When the "Brexit" debate was still filling our newspapers and our television screens, readers may remember why I had changed my mind since voting to leave at the referendum vote.

Apart from the economic arguments, which had become crystal clear after peeling away all the lies and misrepresentations trotted out by Bozo Boris and his "Get Brexit Done" conspirators, there was always the problem of the border between Northern Ireland and the Republic of Ireland. Would it be possible to have a border between the European Union and the United Kingdom where people, goods and services could pass freely between the two nations without customs restrictions, tariffs, duties and all the other formalities? Would it be possible to have one part of the United Kingdom treated differently from other parts of the United Kingdom, particularly when Scotland for example had voted overwhelmingly to remain part of the EU (62% remain) and Northern Ireland itself had voted to remain with a 56% vote?

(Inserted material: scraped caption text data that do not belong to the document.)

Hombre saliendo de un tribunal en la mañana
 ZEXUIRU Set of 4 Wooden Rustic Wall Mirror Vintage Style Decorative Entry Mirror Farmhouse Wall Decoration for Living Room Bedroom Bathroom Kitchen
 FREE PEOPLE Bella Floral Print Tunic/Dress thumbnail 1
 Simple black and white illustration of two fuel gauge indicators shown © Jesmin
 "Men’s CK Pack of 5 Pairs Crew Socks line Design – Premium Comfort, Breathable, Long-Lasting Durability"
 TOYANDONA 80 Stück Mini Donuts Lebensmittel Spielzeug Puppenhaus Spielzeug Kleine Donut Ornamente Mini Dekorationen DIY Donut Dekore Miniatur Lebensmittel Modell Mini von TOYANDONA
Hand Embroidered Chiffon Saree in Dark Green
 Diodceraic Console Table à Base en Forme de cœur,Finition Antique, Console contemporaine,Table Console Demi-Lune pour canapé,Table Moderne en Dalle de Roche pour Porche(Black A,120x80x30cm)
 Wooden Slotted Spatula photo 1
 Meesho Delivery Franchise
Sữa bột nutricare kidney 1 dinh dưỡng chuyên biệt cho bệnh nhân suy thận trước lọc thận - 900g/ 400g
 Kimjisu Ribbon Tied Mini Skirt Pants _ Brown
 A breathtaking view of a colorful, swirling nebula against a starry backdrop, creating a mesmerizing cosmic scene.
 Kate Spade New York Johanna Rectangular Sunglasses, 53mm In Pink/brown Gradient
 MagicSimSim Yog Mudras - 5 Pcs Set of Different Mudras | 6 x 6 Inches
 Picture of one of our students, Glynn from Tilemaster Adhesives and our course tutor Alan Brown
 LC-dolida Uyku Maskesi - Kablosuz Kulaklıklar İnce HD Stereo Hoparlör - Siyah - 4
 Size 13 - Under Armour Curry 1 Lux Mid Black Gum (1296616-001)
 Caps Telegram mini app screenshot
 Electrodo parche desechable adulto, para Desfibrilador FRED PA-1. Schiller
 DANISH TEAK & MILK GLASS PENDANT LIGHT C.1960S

Clearly, there had to be a "hard border" somewhere between the EU and the UK either on the island of Ireland or down the North Sea if the hard-line Brexit lobby were to be satisfied. Therein lies the problem.
Any hard border on the island of Ireland, would immediately generate hostility due to the necessity for border control points, barriers and watchtowers which had been removed with the "Good Friday Agreement" of 1998  as part of the Northern Ireland Peace Process. On the other hand, a border down the North Sea would create a "Two Tier" United Kingdom with Scotland, Wales and England having no access to the benefits available to Northern Ireland through their remaining to all intents and purposes as part of the EU.  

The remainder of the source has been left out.